A mostly rural state, Texas is experiencing a shortage of family physicians and other primary care physicians. In response, both local and national organizations representing advanced practice registered nurses, or APRNS, have tried to obtain rights for these nurses to practice independently in the state, a move that has been strongly disputed by the Texas AFP, or TAFP.
In fact, the TAFP has been engaged in an ongoing struggle with the state's nurse practitioners about the issue of independent practice for the last two legislative sessions. Although the chapter recognizes the important role of APRNs, including nurse practitioners, in the physician-led medical home, it maintains that these nurses lack the experience to practice medicine independently and without the supervision of a physician. TAFP also argues that granting APRNs independent practice authority would further fragment a health care system already fraught with overlapping, duplicative, and unnecessary services and providers, thus hurting rather than helping patient care.

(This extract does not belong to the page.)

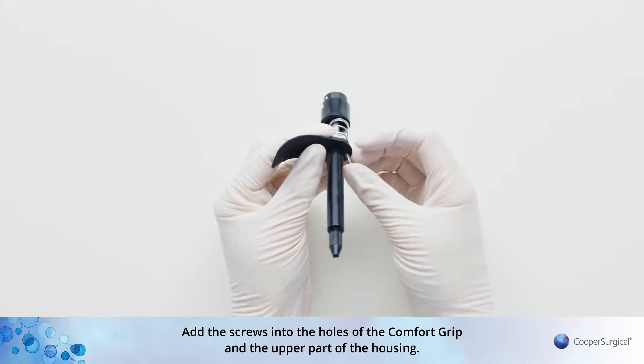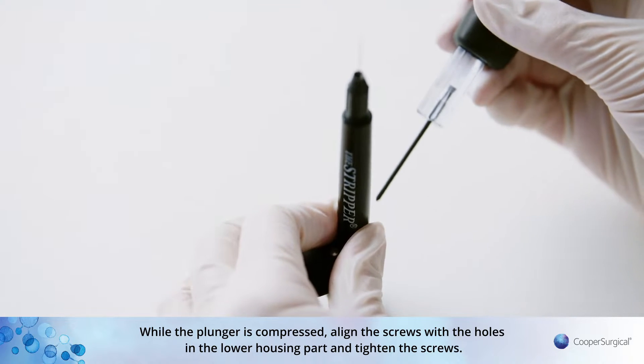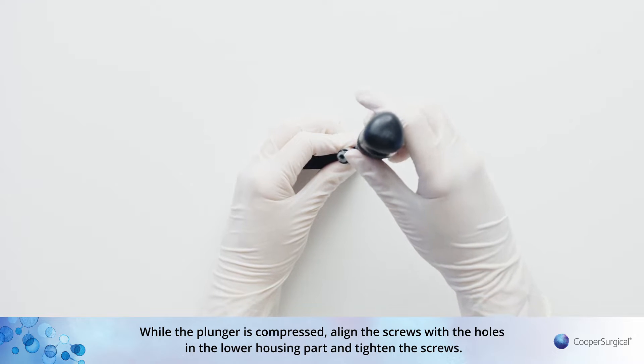Slip the comfort grip onto the barrel with the handle facing upwards towards the collet. Add the screws into the holes of the comfort grip and the upper part of the housing. While the plunger is compressed, align the screws with the holes in the lower housing part and tighten the screws.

The viewpoint of the nurses, however, is that they can provide equal or better care than primary care physicians at a lower cost. At the same time, they contend that they are more likely to practice in rural and underserved areas if given independent practice authority and could help alleviate the state's growing primary care workforce shortage.
In 2009, groups representing APRNs tried but failed to enact legislation that would have given APRNs independent diagnostic and prescriptive authority. In 2011, the nurses tried again, launching a more coordinated and targeted campaign that tested the ability of the TAFP to reframe the issue of independent practice around the tenets of comprehensive, team-based care and to ultimately succeed in defeating the APRNs' legislative attempts.
- During the 2011 session of the Texas legislature, local and national representatives of advanced practice registered nurses introduced legislation that would allow them to gain independent diagnostic and prescriptive authority in the state.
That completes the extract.